SWIFT estabelece plano para rede de moeda digital do banco central

O sistema de mensagens financeiras SWIFT apresentou seu plano para uma rede global de moeda digital do banco central (CBDC) após um experimento de 8 meses em diferentes tecnologias e moedas.

O teste, que para o último mês envolveu os bancos centrais nacionais da França e da Alemanha, bem como credores globais como HSBC, Standard Chartered e UBS, analisaram como os CBDCs poderiam ser usados ​​internacionalmente e até convertidos em moeda fiduciária, se necessário.
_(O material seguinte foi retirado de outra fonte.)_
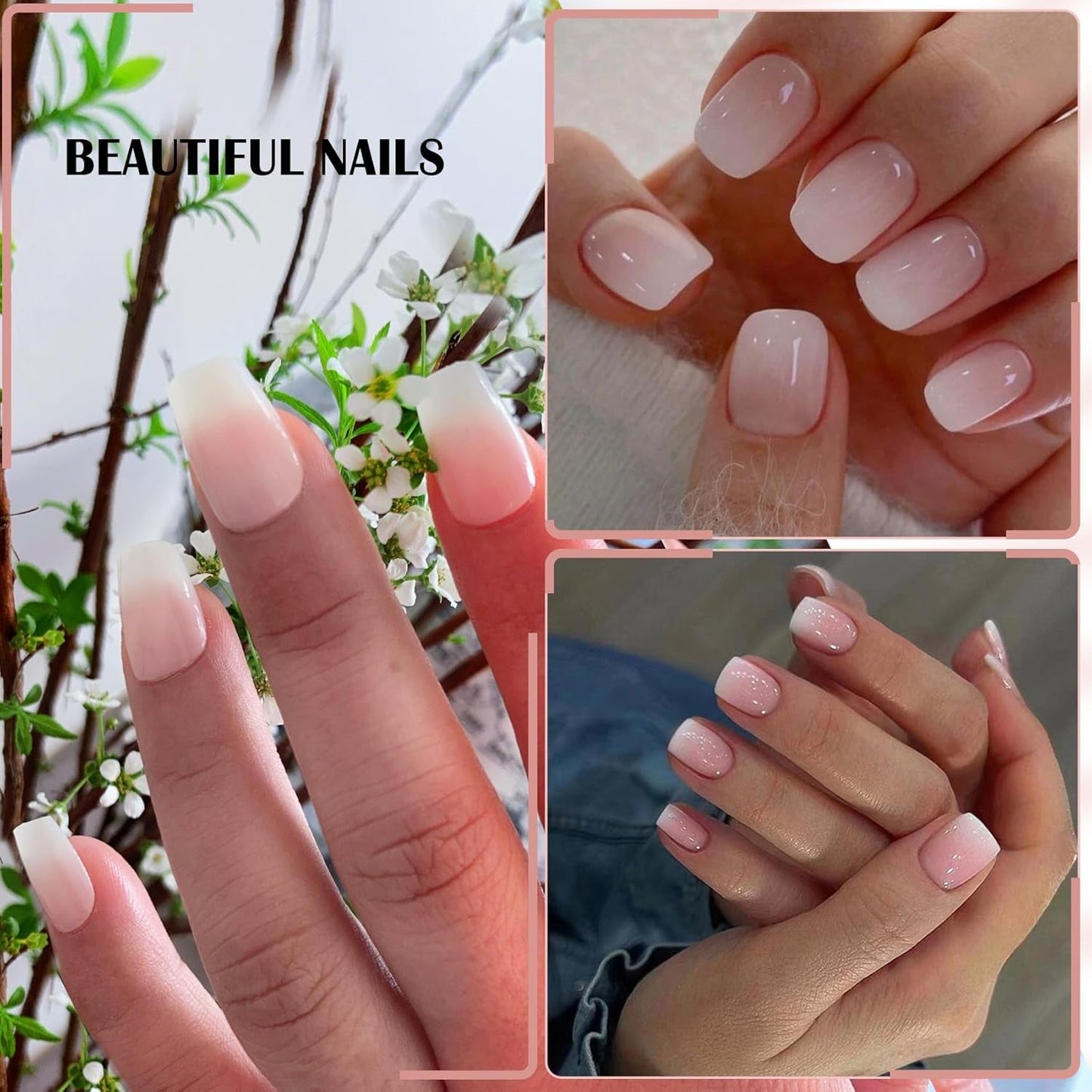 Juego de Uñas Postizas Adhesivas - Uñas Postizas Francesas - 24 Piezas Diseño Cuadrado Corto Blanco Rosa Degradado Uñas Artificiales Manicura Bailarina (Degradado Rosa Corto)
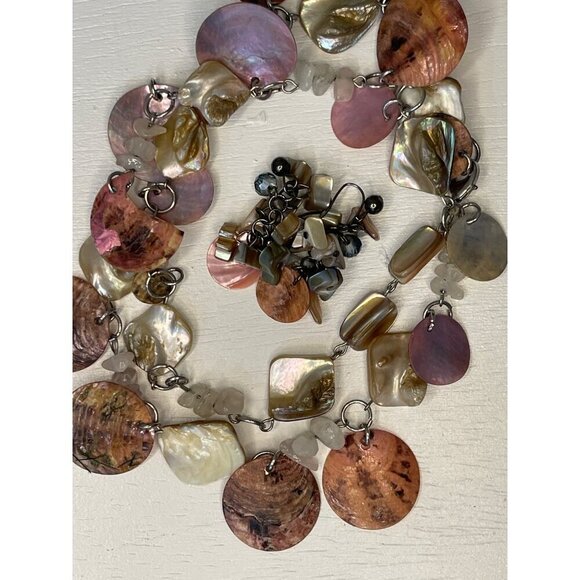 Handcrafted Shell Necklace & Earrings Set - Picture 1 of 12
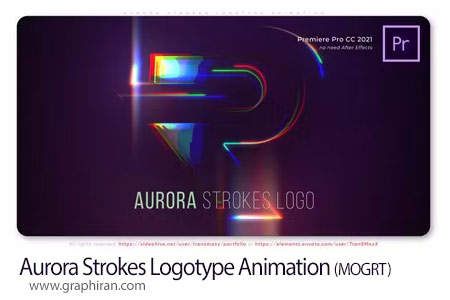 پروژه پریمیر انیمیشن لوگوتایپ خطوط شفق قطبی Aurora Strokes Logotype Animation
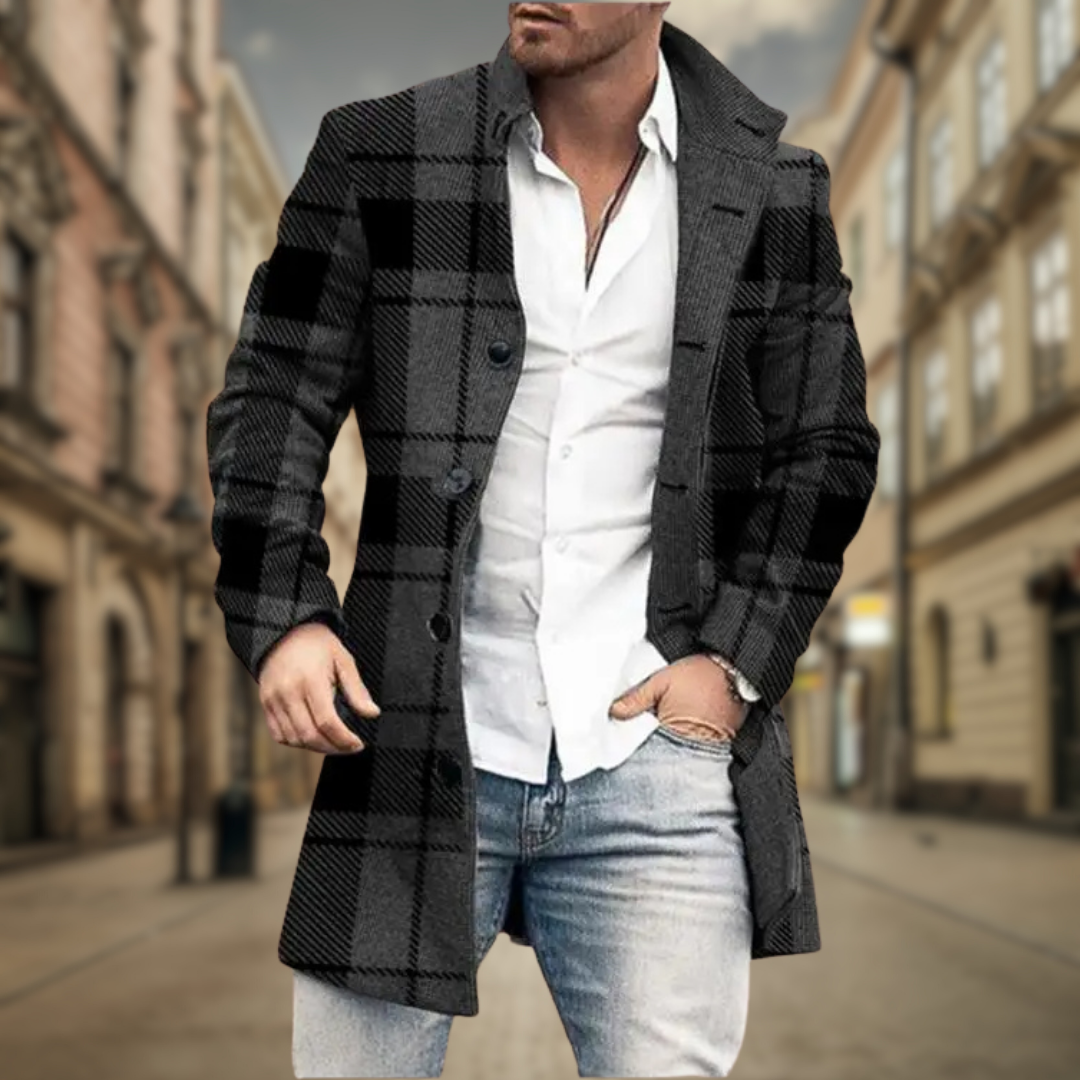 Manteau élégant en lainage coupe droite à carreaux homme – Questembert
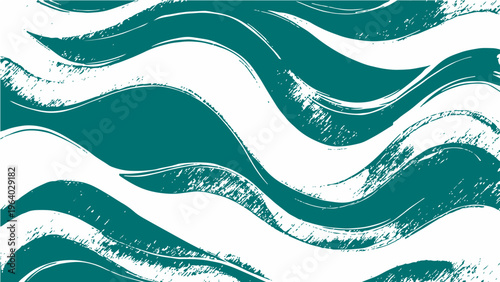 Vector Abstract teal waves brush style art pattern swirls create aesthetic feeling on canvas with graphic strokes flow seamlessly and graceful movement
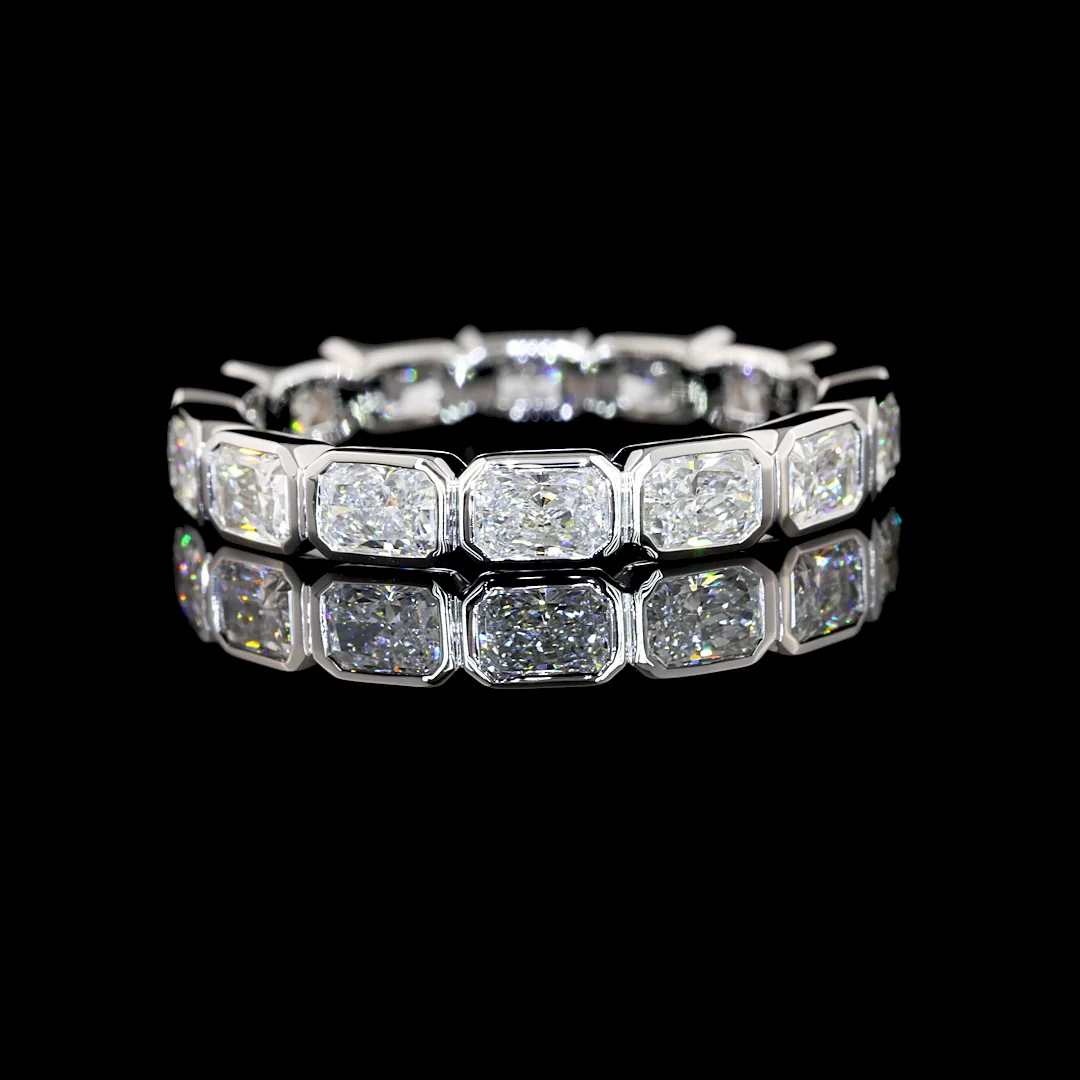 2.06 Cts 14k White Gold Radiant Shape Eternity Band Eternity Band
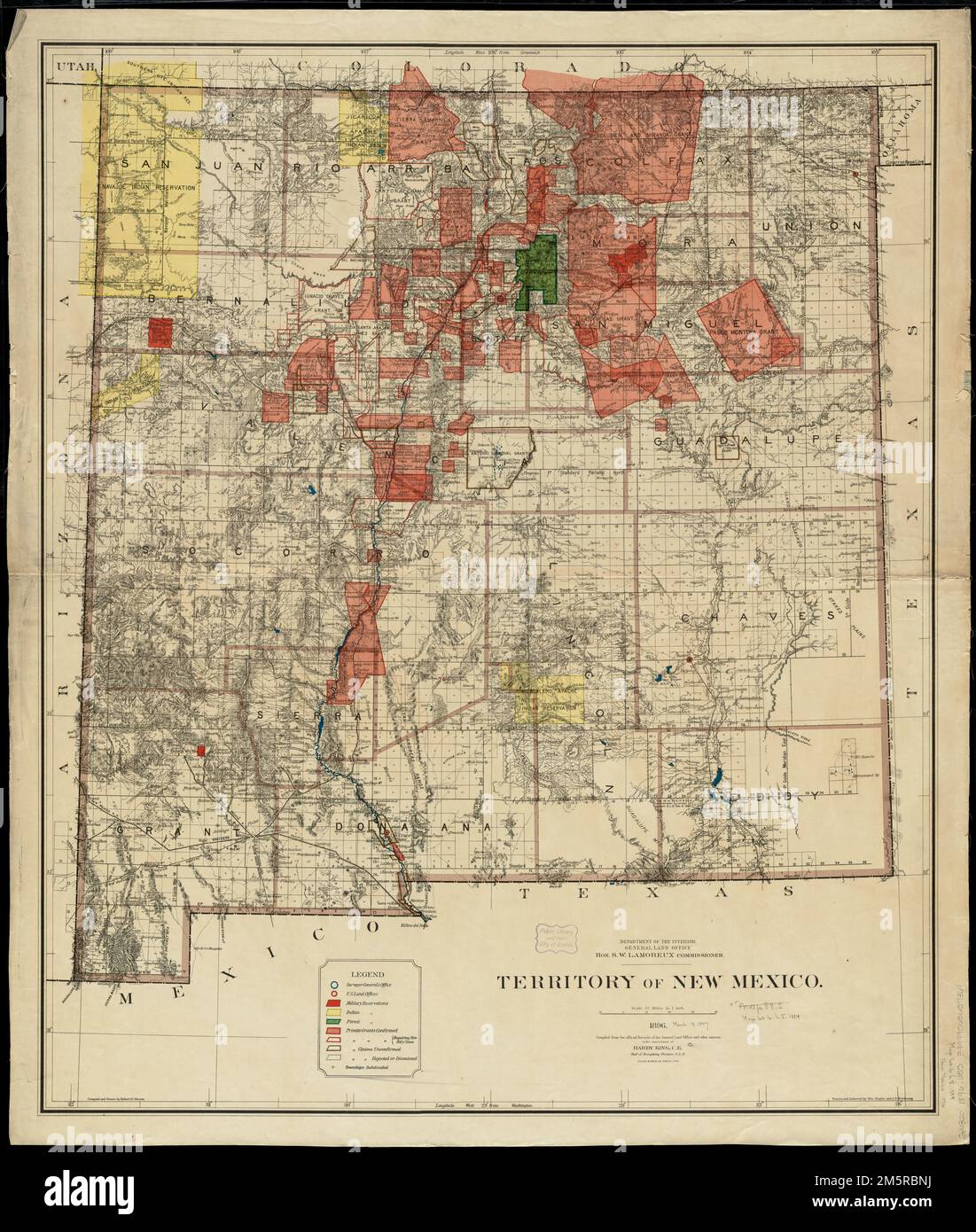 Territory of New Mexico. Relief shown by hachures. Shows township grid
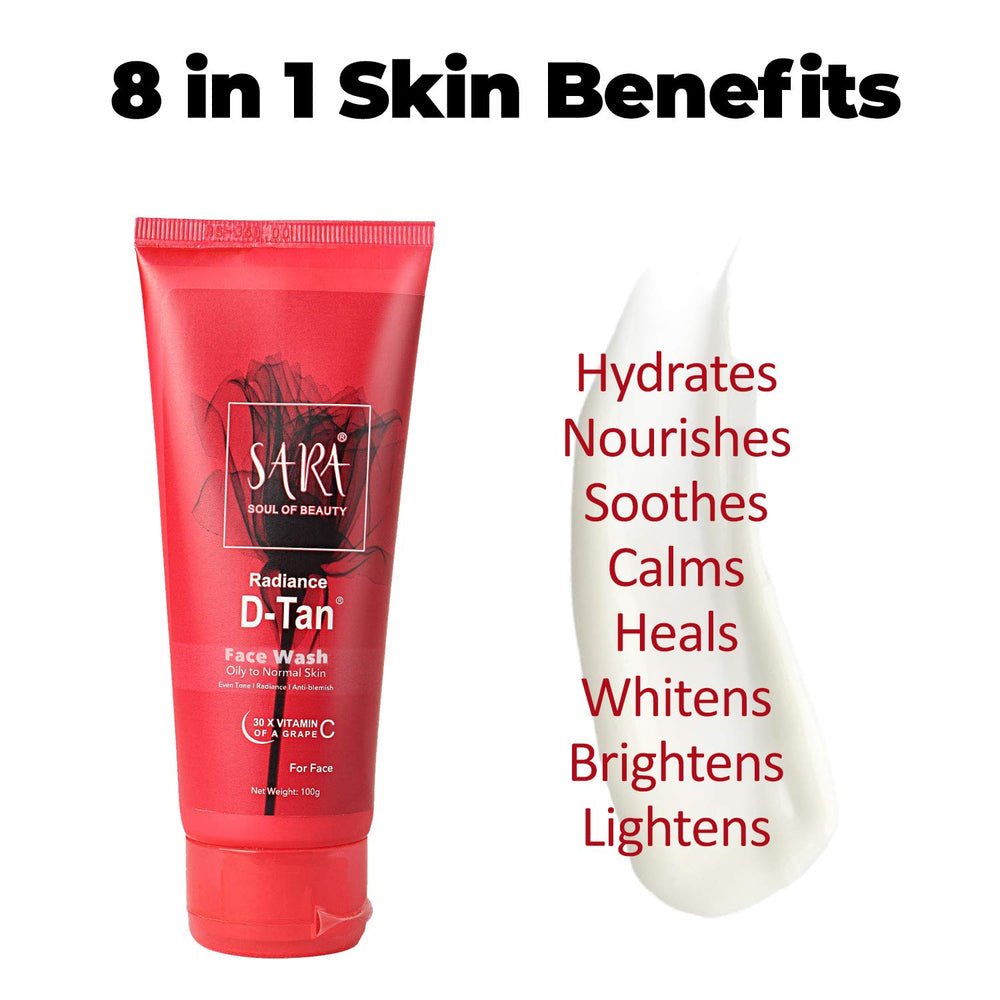 Sara Herbals Radiance D-TAN Face Wash, 2 X 100g - Image 3 - Buy from Indicrest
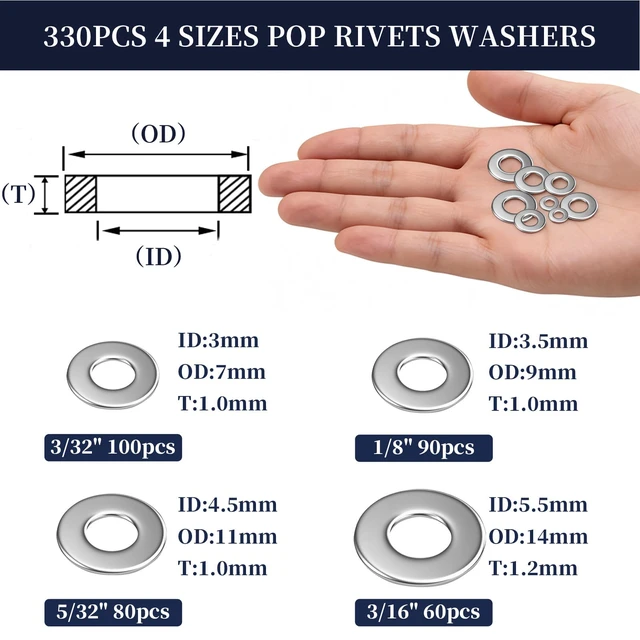 Alt view image 3 of 7 - 970Pcs Aluminum Pop Rivets with Washer Assortment Kit, 14 Sizes Silver Rivets with 3/32" 1/8" 5/32" 3/16" Blind Rivets, Assorted Pop Rivets Set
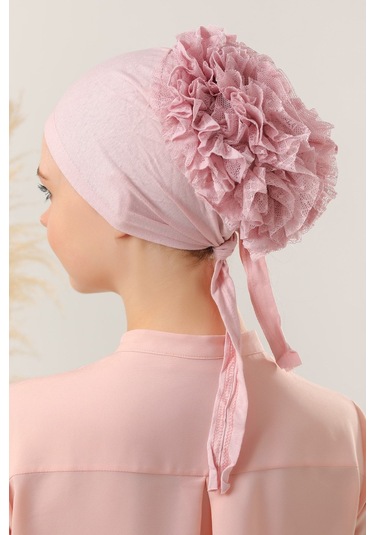 Tesettür Fırfırlı Bone Pudra Pudra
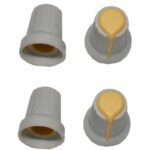 Drehknopf Geräteknopf Potiknopf 6mm gelb/grau 4 Stück (0068)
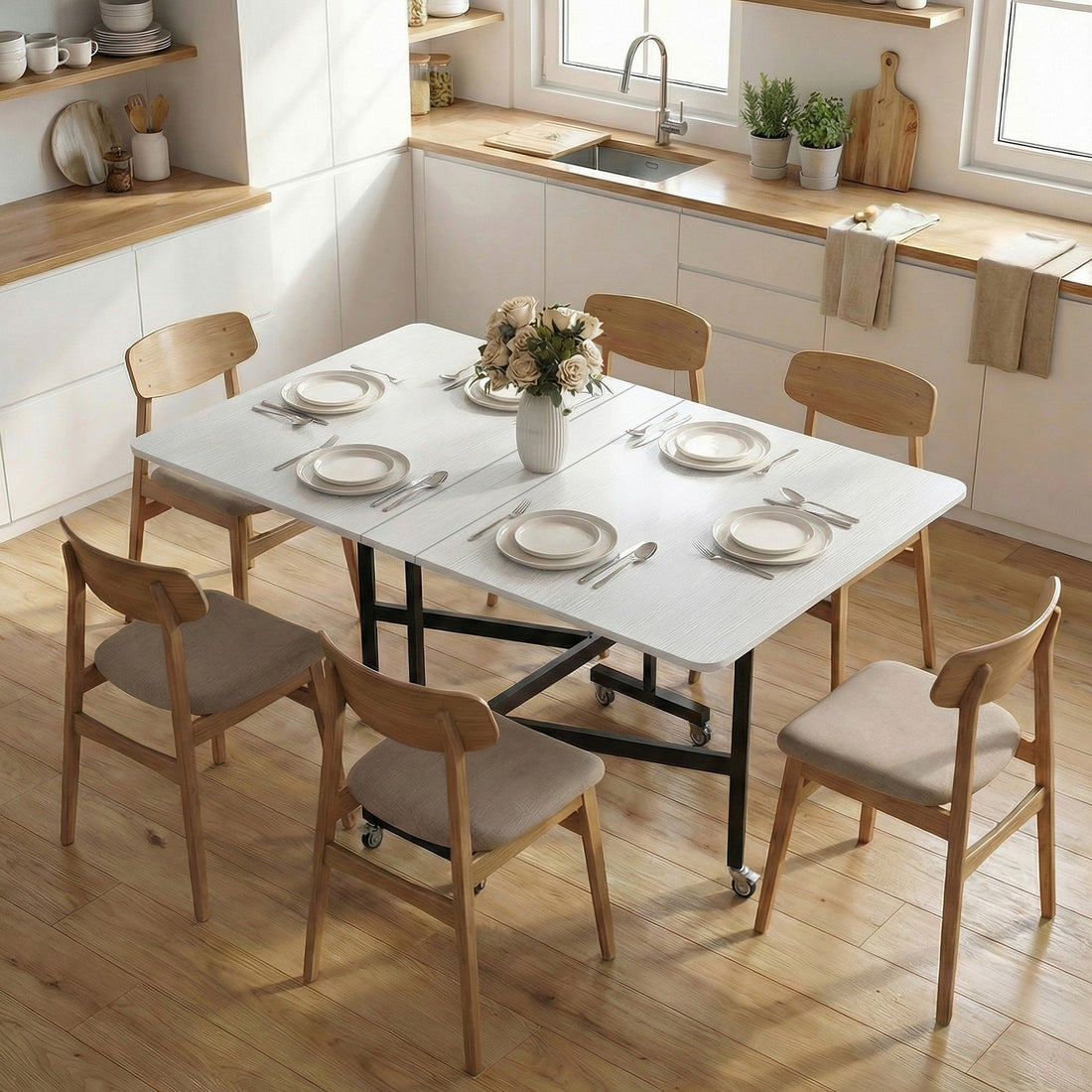 Vikbart mobilbord med 6 hjul och bromsar | Färg: Vit | Mått: 120x80x73 cm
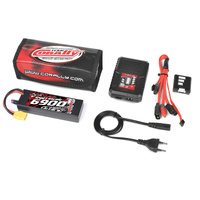 Team Corally - Energy Pack - Lipo 60C - 6900Mah - 2S - XT-90 - Hard Case + Racer 50 - 2-4S AC Charger + Lipo Safety Bag + Charge-Balance Lead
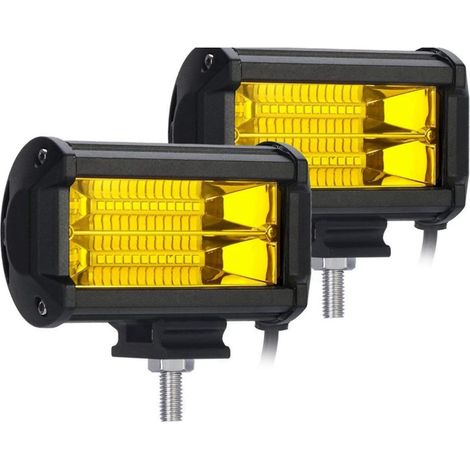 2 projecteurs de travail LED 5 pouces 72 W étanches tout-terrain, antibrouillards, lampes jaunes pour camions, quads et SSV. (1/5)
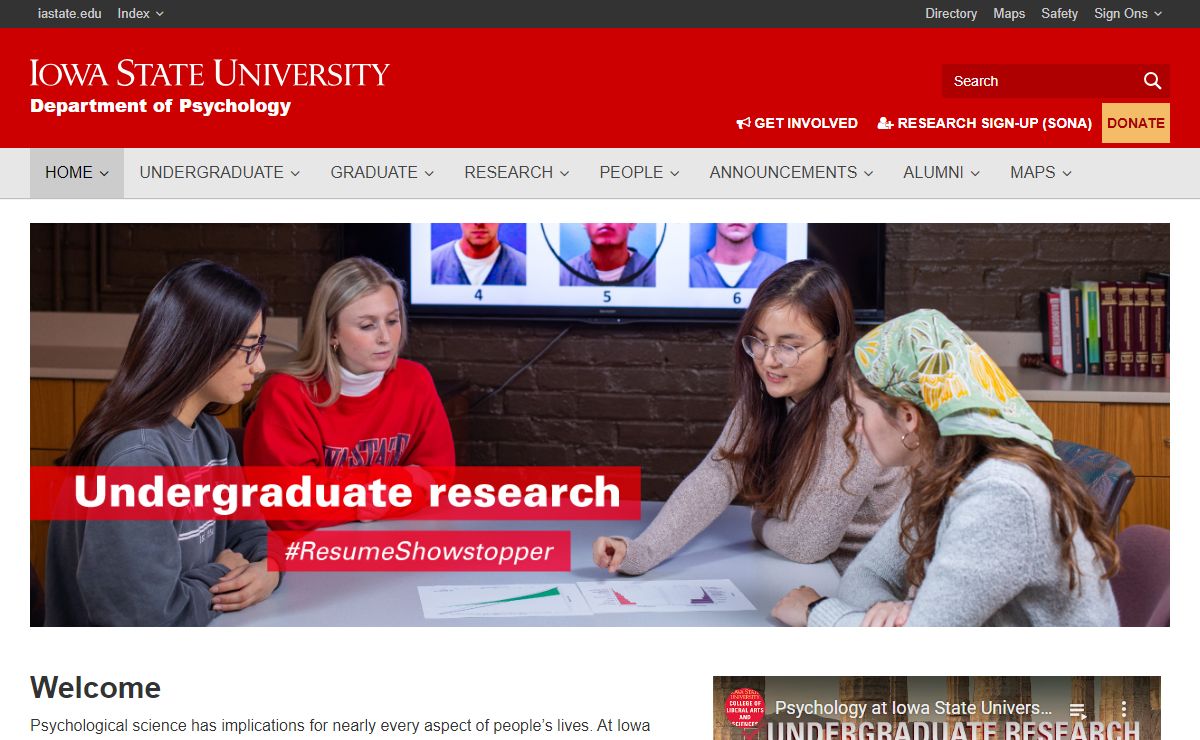 Welcome to the Psychology Department • Department of Psychology • Iowa State University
Cerca de 90% dos bancos centrais do mundo estão agora usando, testando ou analisando CBDCs. A maioria não quer ser deixada para trás pelo bitcoin e outras criptomoedas, mas está lidando com as complexidades tecnológicas.

O chefe de inovação da SWIFT, Nick Kerigan, disse que seu teste, que será seguido por testes mais avançados no ano seguinte, parecia uma roda de bicicleta onde 14 bancos centrais e comerciais no total conectaram-se como raios em seu hub principal.

A ideia é que, uma vez ampliados, os bancos podem precisar apenas de um conexão, em vez de milhares se eles fossem configurar conexões com cada contraparte individualmente.

“Acreditamos que o número de conexões necessárias é muito menor”, ​​disse Kerigan. “Portanto, você provavelmente terá menos interrupções (na cadeia) e provavelmente alcançará maior eficiência.”

Os CBDCs estão sendo vistos como um passo à frente, pois podem ser efetivamente programados para atender necessidades específicas de governos e indivíduos, embora também tenham levantado preocupações sobre privacidade e vigilância.

O teste da SWIFT também testou diferentes tecnologias CBDC subjacentes conhecidas como Distributed Ledger Technologies. O uso de várias tecnologias também foi levantado como um obstáculo potencial para uma rápida adoção global.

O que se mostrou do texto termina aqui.